I began to add my occasional sermons to this blog, not
because they deal explicitly with a sense of place, but because I had no other
place to put them. Sermons do, of course,
take place in a particular place, namely the church of Such and Such in
Somewhere, USA. And sermons generally
attempt to relate something written in a far away place, namely the
Mediterranean basin, a long time ago, to some place today, in this case, a
church in the Washington, DC area or northern California.
Now I am reviving the blog to supplement the web page that
promotes my tours of Washington. If you arrived here from there and want to read the posts that deal with Washington, DC, go back to the beginning. If you
enjoy reading what I write about Washington, consider joining me for a walking
tour. Starting some time in May.
Meanwhile, I have spent the winter and now early spring in
St. Helena and Santa Rosa, California; Napa and Sonoma counties
respectively. I have grown to love these
places. What’s not to love? The climate, landscape, food and wine are
among the best in the world. If one
tires of so much pleasantness, so many good sights, sounds and tastes, the city
of San Francisco and East Bay cities are about an hour away to provide yet
more.
I drove down to Berkeley on Saturday morning, March 15, one
of those warm spring mornings when the miracle of life induces gratitude even
in the most snarky and philosophy in the most obtuse.
In a normal winter, the rains begin here in November and
continue until May. The rains can come
in drenching three-day storms and periods when the skies cloud up for days and
it rains off and on. But many a winter
is far from normal. I remember one when
it rained for the entire month of January, then stopped. One year it rained almost constantly for
sixty days. Another year it did not rain
until mid-March. Spring that year was
painful to watch as the plants put forth their shoots above a dusty brown
earth. This year promised to be like
that. The vineyards were a brown desert
until mid-February. But we have now had
two major storms and a minor one, yielding anywhere from ten to twenty inches
of rain.
This past week a warm sun came out and the biosphere burst into
bloom: yellow mustard topping a carpet of green; wildflowers, flowering trees,
buds and shoots of a thousand shades of green.
The landscape all the way down Highway 101 this St. Patrick’s Day
Weekend was as green as any part of the Emerald Isle itself. Arriving early at my destination, I walked
around the neighborhood north of the university and west of Shattuck Avenue to
gaze rapturously at varieties and colors of flowers beyond my ability to name
and smell the hedges of fragrant rosemary in purple blossom.
After appreciating various shingle-style and craftsman
houses, I found myself, as I often do, in front of the small apartment building
that replaced the old house that Allen Ginsberg lived in and Jack Kerouac often
visited in the 1950s.
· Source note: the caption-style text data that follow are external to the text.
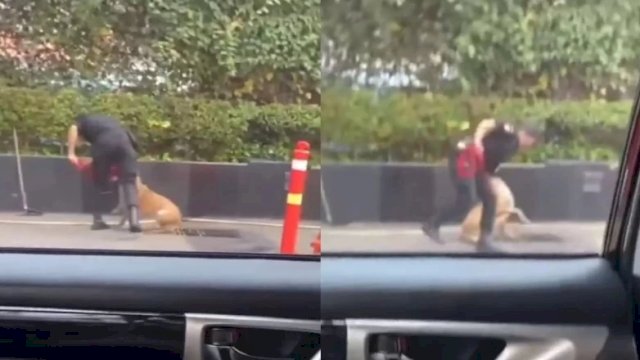 Seorang sekuriti mal Plaza Indonesia pukuli anjing penjaga. (Foto: X @moonchildfams)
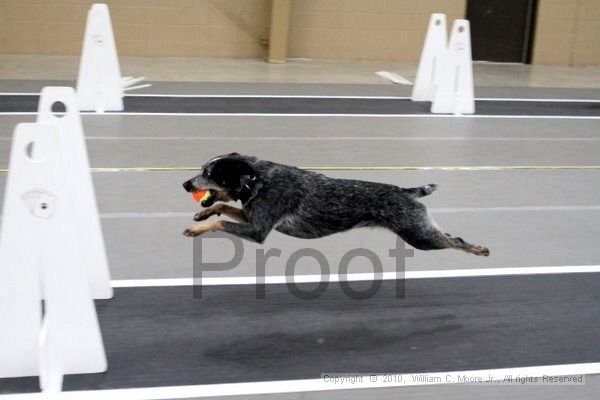 IMG_9871.jpg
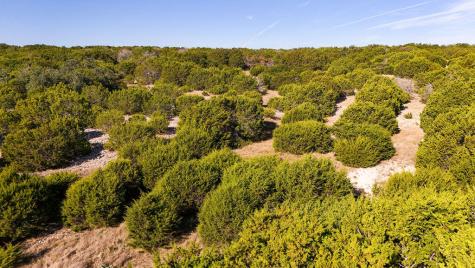 1031 Shin Oak Junction TX 76854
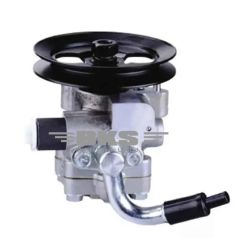HYDRAULIC PUMP, STEERING SYSTEM-BOLERO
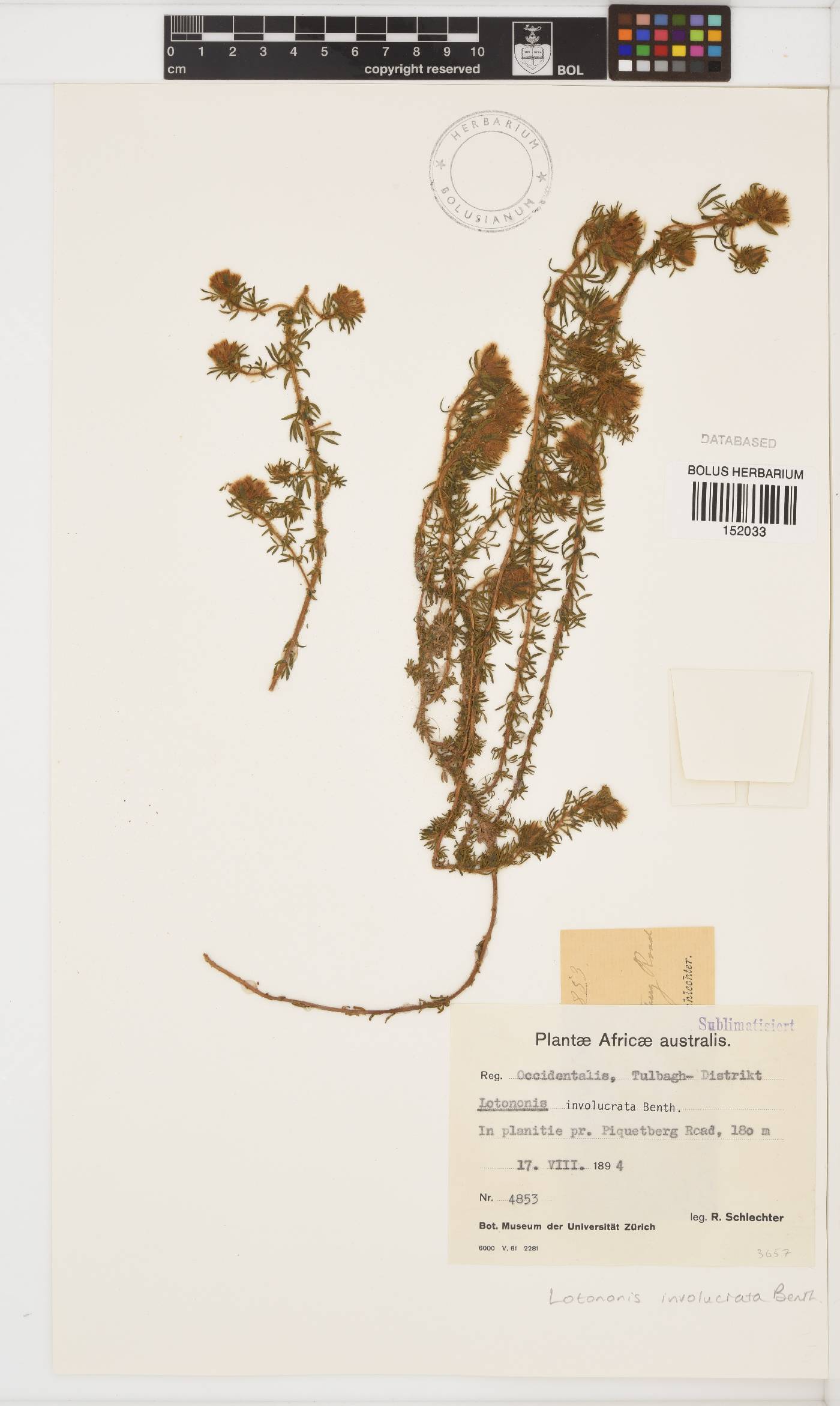 Lotononis image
There is another
small apartment building next door and next to that a house surrounded by a
chain-link fence, being prepared either for demolition or radical
reconstruction. Across the street, on
the grounds of the Berkeley Arts Magnet School, the poetry garden dedicated to
Ginsberg and the other beat poets is likewise under reconstruction. I wonder what the neighborhood arts committee
has in mind. The sign is still there:
“This garden honors Berkeley’s many innovative poets, poetry
presses and their legacy. It was
dedicated in 1999 on the second anniversary of “Beat” poet Allen Ginsberg’s
death. Through their writings, the
nonconformist poets sought liberation from traditional social, political,
artistic and personal conventions.
Ginsberg lived across the street in a now-demolished house at 1624
Milvia Street while writing, among other poems, parts of his once-banned work Howl!.
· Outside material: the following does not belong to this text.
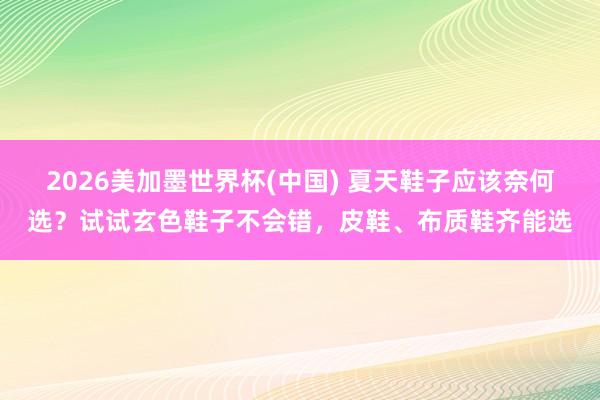 2026美加墨世界杯(中国) 夏天鞋子应该奈何选？试试玄色鞋子不会错，皮鞋、布质鞋齐能选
Poet Gary Snyder also stayed there.
“Beat Generation” writer Jack Kerouac lived for a while in a
rose-covered cottage on Berkeley Way and poet Robert Duncan also lived in this
neighborhood during the 1950s.”
Then I walked past yet more radiant living glory to 1924
Cedar Street, where I entered a small Unitarian church to enjoy that day’s
6-hour SoulMotion workshop.
Early anthropologists, geographers and travel writers, in
conveying a sense of place, did their best to convey everything that people
did, especially as it differed dramatically from the people who would read
their work back in Europe. They noted
the interaction of people and place. How
do people relate to their place, make it theirs, part of their identity? What stories do they tell, what music do they
play, how do they move to music? How has
this environment affected the way they move, the way they work, the food they
eat and how they prepare it?
I wonder what anthropologists years in the future will make
of the “conscious dance” movement that now flourishes in North America, Europe
and, I would guess, everywhere else.
I walk in to wooden-floored space to find about fifty people
moving to music. For the better part of
six hours, that is all we do. We pause
briefly for lunch. Occasionally the
leader, in this case Valerie Chafograck, now of the Bay Area but born in Paris,
gives us something to do: move with a
partner, move with a group of three or four; do a solo. You can call this dance, but it is far from
the world of waltzes and tango. There
are no specific steps, no set figures.
My first experience of this world of movement was a
“Barefoot Boogie” in Cambridge some thirty years ago. Since then a couple of teachers have
attracted quite a following. I now spend
every Christmas at Esalen in a SoulMotion workshop: six hours of dance every day for seven
days. After a couple of days of
spinning, swaying, twisting, tilting, and turning accompanied by good food and
soaks in the famous mineral baths, the muscles become like rubber bands and a big,
irrepressible smile forms on the face.
Perhaps some ancient peoples lived rather like this, not immersed in
books, computers and television screens, but moving to music for hours a day, while
planting, reaping and hunting as needed.
I’d like to think so.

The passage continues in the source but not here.